The students visited a village in Ileret and got to know more about the culture of the local Dasenach people. The Dasenach are a pastoralist community living in Marsabit County within the Turkana region. One of the things the students learned was the division of labour within the Dasenach community. The women build the houses, which are dome-shaped, using malleable sticks, rope and iron sheets. The iron sheets are used instead of grass or dry reeds to prevent leakage from rain water. The women also do the household chores like cooking and fetching water for domestic use.
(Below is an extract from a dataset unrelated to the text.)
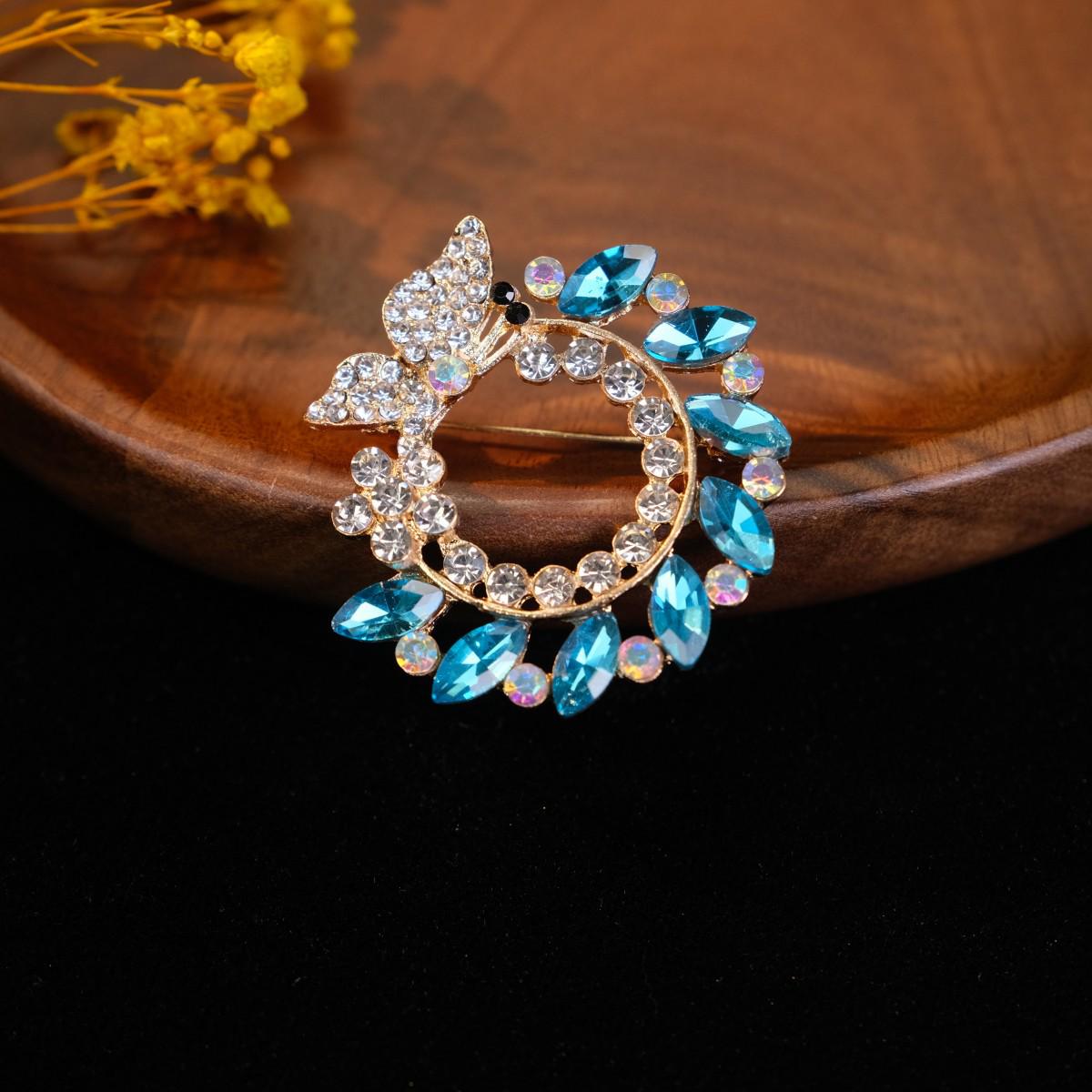 

Елегантна брошка зі стразами: Високоякісна японська та корейська мода кришталева шпилька для шарфа для жінок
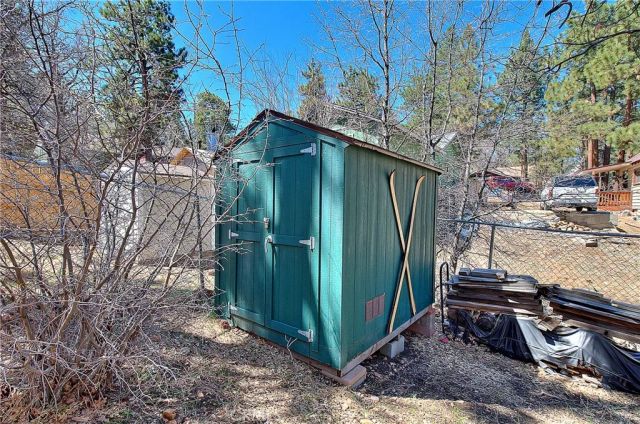 346 San Bernardino Avenue, Sugarloaf, CA 92386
On the other hand, the men herd the livestock sometimes spending periods of time away from their homesteads as they look for pasture and water.
The students were hosted in a Dasenach house and saw how they use their space. A house is called “Bil” in Dasenach. The house is not partitioned. It serves as a kitchen, a dining area, a bedroom, a “lounge” for hosting guests as well as a storage unit. Laid on the floor is a carpet. This is where the family or visitors sit when they want to eat or talk. The students were hosted here. By night, it transforms into a sleeping area. Younger children sleep with the parents and the older children sleep in a different Bil. The animals sleep in an enclosure within the homestead. The enclosure is made from dry, thorny thickets. The kitchen consists of a hearth with three stones where food is cooked and firewood is used as fuel. Next to the hearth is a shelf where the utensils are kept. Water held in plastic containers and food are stored in the house as well.
The traditional houses have cultural value to the Dasenach people. They have more significance than modern housing. A Dasenach man who has put up only modern housing in his homestead is sometimes reprimanded. Therefore, in most cases both the traditional and modern features can be found in a homestead. This is a way of following cultural norms but still adopting change. Additionally, since the Dasenach are a nomadic-pastoralist community, the traditional houses are easier to disassemble when they want to migrate. Modern structures are block-shaped and are built from stone blocks, cement and sand. It is not economically feasible to bring down such structures when you have to move away in search of pasture and water.
Palaeontology Module Begins!
The Vertebrate Palaeontology module has begun and Prof. Bill Sanders is the instructor. The students have been learning how to identify different species by analysing bone morphology. Vertebrate palaeontologists identify structural traits on modern and fossil bones in order to distinguish different species from each other.
The students started off with plotting a geological timeline of the evolution of the earth’s life forms. The earth is 4.6 billion years old and the first appearance of hominins can be traced back to about 6 million years ago. And modern humans appear at about 200, 000 years ago, our existence represents a very small fraction in the ocean of geologic time! The whole timeline was represented by 4.6m of toilet sheets, starting at 4.6 billion years. The dinosaur extinction at 65 million years was 4.5m away from the beginning of time. The hominins were represented in the last sheet accounting for only less than a centimetre of the entire timeline, about 4.59m from the beginning. And modern humans only accounted for less than 0.2mm of that portion!
Life forms have been evolving into lineages which can be reconstructed using fossil species. Human ancestry is one such example. Studying evolution involves analysing the changes in fossil bone morphology. The students reconstructed evolutionary lineages using Caminalcules, which are a fictional group of animals developed by Prof. Joseph H. Camin. Drawing from Paleontology, the students identified primitive and derived traits. The primitive traits are those that are held over from the ancestral condition. Derived traits are advancements from the primitive traits. For example, brain capacity within the hominin lineage has been increasing with time, this is a derived trait. Modern humans have a brain capacity of about 1300cc. Austrolopithecus afarensis living between 3.85-2.95 million years ago, and famously known as Lucy, had a brain capacity of about 400cc close to that of modern chimpanzees. Therefore, this is a primitive trait that Au. afarensis had still retained from the ape-human ancestor.
The students also got to sieve and screen for fossil bone elements in an excavation site where Homo habilis fossil elements were recovered back in 2013. They put effort to find the elusive hominin elements. Screening and sieving are labour intensive and finding a fossil element and especially that of a hominin is a great reward in itself. The exceptional TBI fossil-hunter staff were very helpful in showing the students how to go about the two activities. Sadly, we did not get the hominin fossils, but the students got to appreciate the investment that comes with finding fossils.
And finally, we celebrated Regina’s birthday with a scrumptious veggie cake!